### Activity:
What follows is a set of records; repeat them exactly, without the pictures.

### Extracted information:
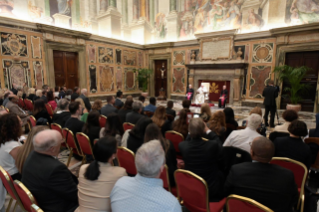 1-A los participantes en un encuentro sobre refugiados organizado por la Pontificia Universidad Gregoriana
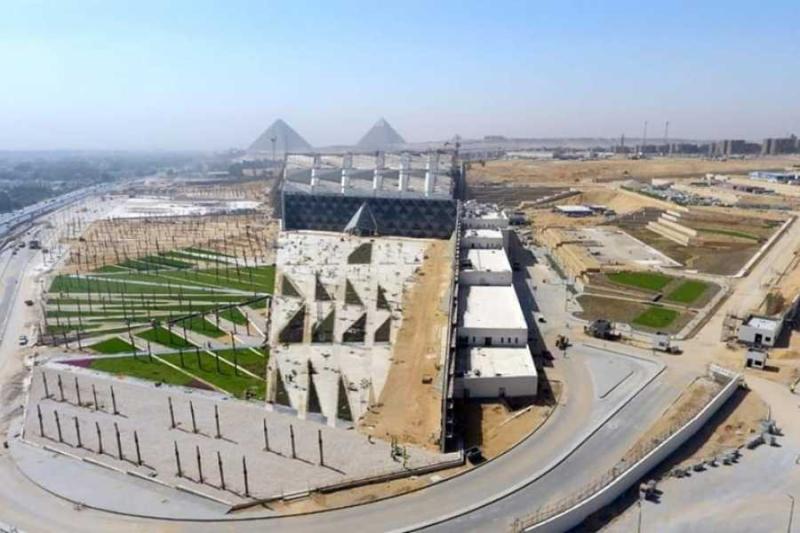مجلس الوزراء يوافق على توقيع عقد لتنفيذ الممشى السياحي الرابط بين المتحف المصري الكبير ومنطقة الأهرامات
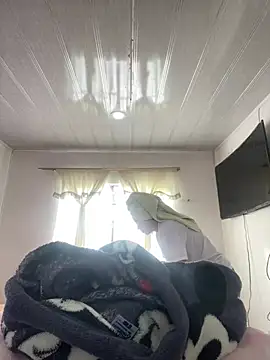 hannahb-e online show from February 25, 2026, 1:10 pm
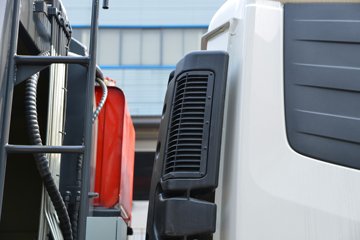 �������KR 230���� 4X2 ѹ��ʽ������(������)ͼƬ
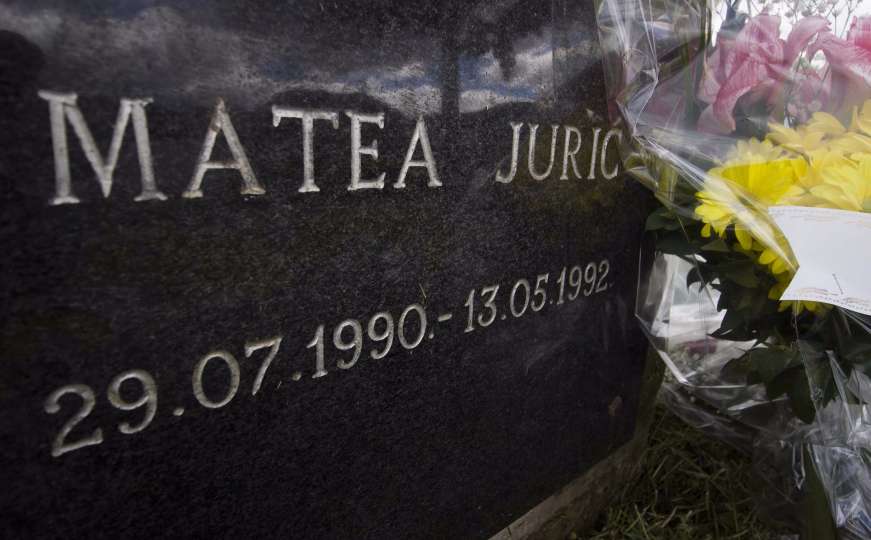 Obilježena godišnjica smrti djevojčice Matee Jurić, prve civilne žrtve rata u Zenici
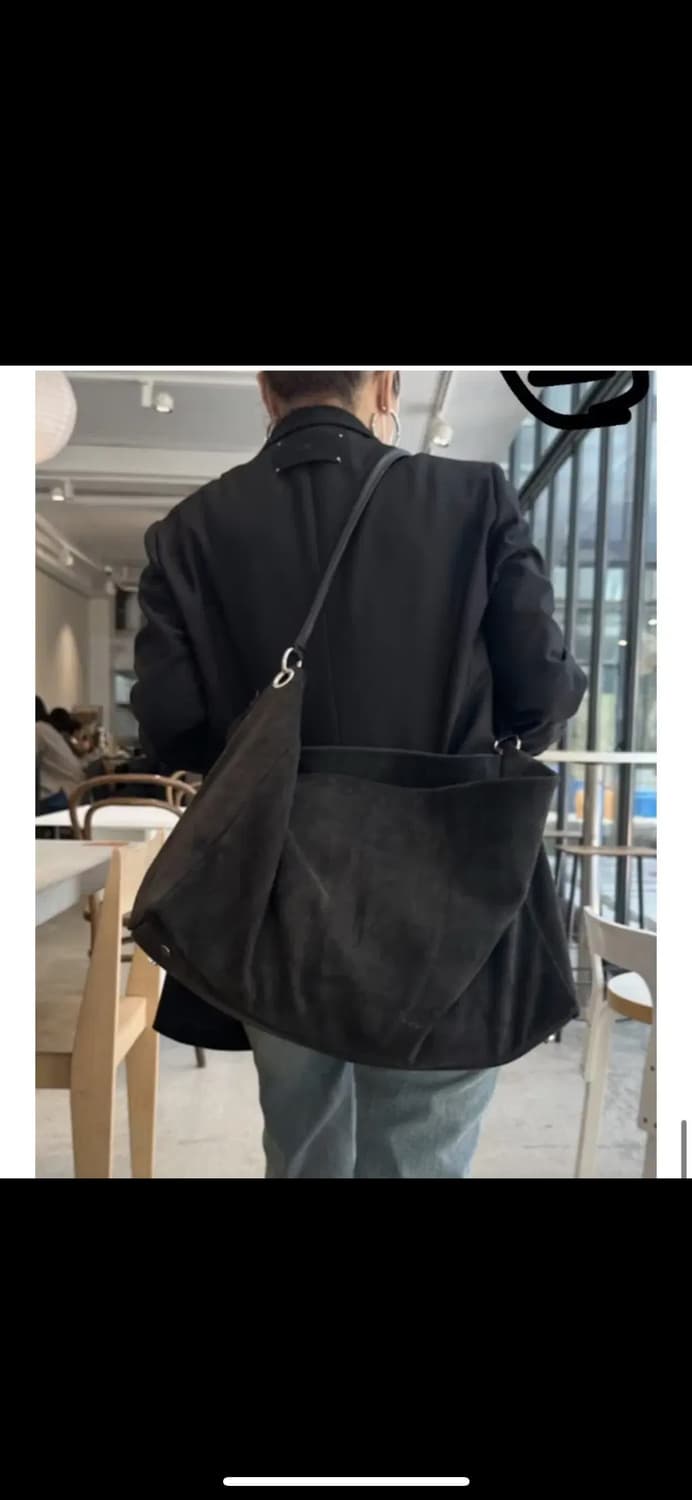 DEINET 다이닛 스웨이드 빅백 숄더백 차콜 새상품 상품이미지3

### Output:
 1-A los participantes en un encuentro sobre refugiados organizado por la Pontificia Universidad Gregoriana
مجلس الوزراء يوافق على توقيع عقد لتنفيذ الممشى السياحي الرابط بين المتحف المصري الكبير ومنطقة الأهرامات
 hannahb-e online show from February 25, 2026, 1:10 pm
 �������KR 230���� 4X2 ѹ��ʽ������(������)ͼƬ
 Obilježena godišnjica smrti djevojčice Matee Jurić, prve civilne žrtve rata u Zenici
 DEINET 다이닛 스웨이드 빅백 숄더백 차콜 새상품 상품이미지3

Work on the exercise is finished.